Da un lato, la dichiarazione di Gianni Alemanno che – presumo – nella sua veste istituzionale di sindaco di Roma ha ritenuto opportuno stigmatizzare una presunta e nefasta influenza dei media sugli adolescenti, puntando soprattutto il dito sulla fiction Romanzo Criminale; che, a suo dire, finirebbe per idealizzare la violenza e proporre ai giovani una serie di role models esclusivamente delinquenziali, mitizzando addirittura l’uso delle armi.

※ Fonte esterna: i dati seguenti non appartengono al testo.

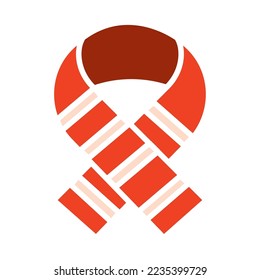 Icono de la bufanda de invierno de color aislado Vector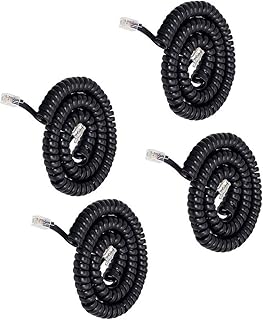 Uvital Telephone Phone Handset Cable Cord, Coiled Length 0.72 to 6 Feet Uncoiled Landline Phone Handset Cable Cord RJ9/RJ10/RJ22 4P4C(Black,4 PCS)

Dall’altro, la recente intervista rilasciata dal presidente del consiglio regionale del Friuli-Venezia Giulia, Edouard Ballaman, nella quale costui ha estratto – in presenza del giornalista che gli poneva le domande – una Smith & Wesson .357 Magnum e l’ha piazzata sulla scrivania. «E’ per difesa personale,» ha poi chiosato l’ex questore della Camera davanti allo stupore del giornalista, dichiarando di possedere regolare porto d’armi (meno male) e di essere stato invitato ad armarsi nientemeno che dalla Digos, a causa di non meglio precisate minacce di morte da parte di certi fondamentalisti islamici e della sua amicizia con Pim Fortuyn e Theo van Gogh, il politico e il regista olandesi assassinati negli scorsi anni. «Però la tengo chiusa in un armadio dell’ufficio,» ha concluso, lasciando – a me, perlomeno – un certo dubbio sulle capacità deterrenti e di autodifesa di un’arma tenuta sottochiave.

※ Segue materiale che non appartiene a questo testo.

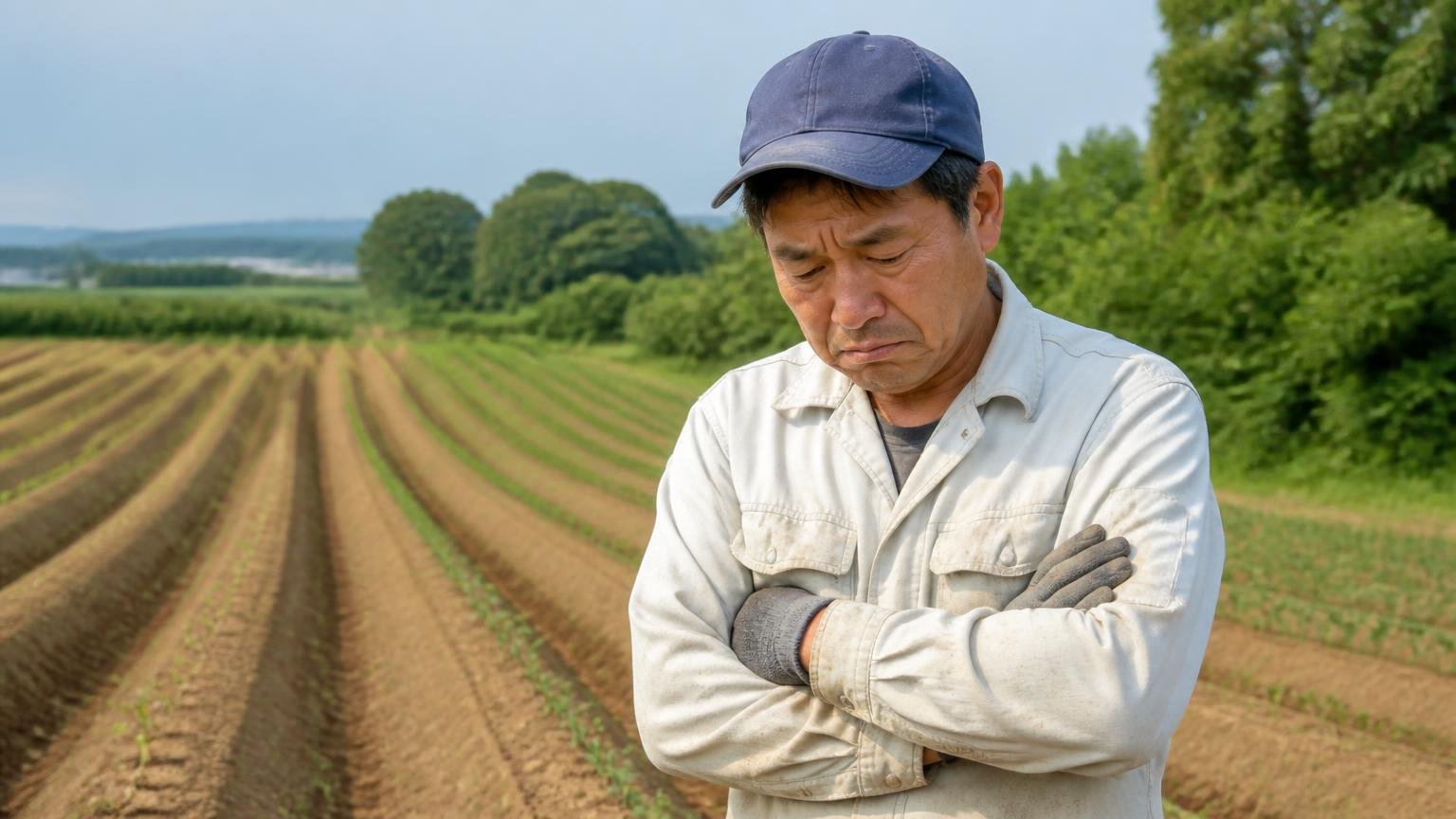 ガムが効かなかったという声も多く寄せられている|畑のうねの前で腕を組み肩を落とす農作業姿の男性1人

La terza cosa che mi ha spinto a scrivere questo post è il notevole pezzo apparso qualche giorno fa su uno dei miei blog preferiti, talk is cheap, il cui titolare – che la sa lunga – ha parlato diffusamente di un libro di grande interesse come Kalashnikov, il fucile del popolo, scritto da Michael Hodges e pubblicato da Tropea.
Il sottoscritto, che non sfiora il grilletto di un’arma (e che arma!) dal lontano 1986, durante il servizio militare in quel di Salerno, quando pur di non fargli ripetere le sue grottesche performance al poligono di tiro l’avevano spedito a suonare le tastiere alle serate danzanti del circolo ufficiali, il sottoscritto – dicevo – si è paradossalmente ritrovato nell’ultimo decennio, malgré lui, a doversi fare una notevole cultura nel settore a forza di tradurre carrettate di noir e persino di western. E, fosse vero quel che dice Alemanno, a quest’ora dovrebbe girare per la strada, come scrive Elmore Leonard in Hot Kid, «con due automatiche calibro 45 infilate in due fondine legate alle gambe con corregge di cuoio.»

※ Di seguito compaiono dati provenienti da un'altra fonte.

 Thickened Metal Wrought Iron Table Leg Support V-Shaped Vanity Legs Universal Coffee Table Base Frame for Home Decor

Comunque, dai meandri del sito Einaudi ho ripescato anche un’intervista che feci, all’uscita di Corri!, proprio a Douglas Winter, e che potete leggere qui. Il buon Douglas, che è uno dei massimi esperti mondiali di horror e che a suo tempo sembrava promettere – per l’appunto – fuoco e fiamme, da allora non ha più pubblicato niente e oggi fa in prevalenza il musicista. D’altra parte non scriveva certo per vivere, essendo all’epoca uno dei più grossi avvocati americani, specializzato in disastri aerei e relative cause milionarie.
Insomma,è sempre Lawyers, Guns and Money, come diceva l’unico e solo Warren Zevon.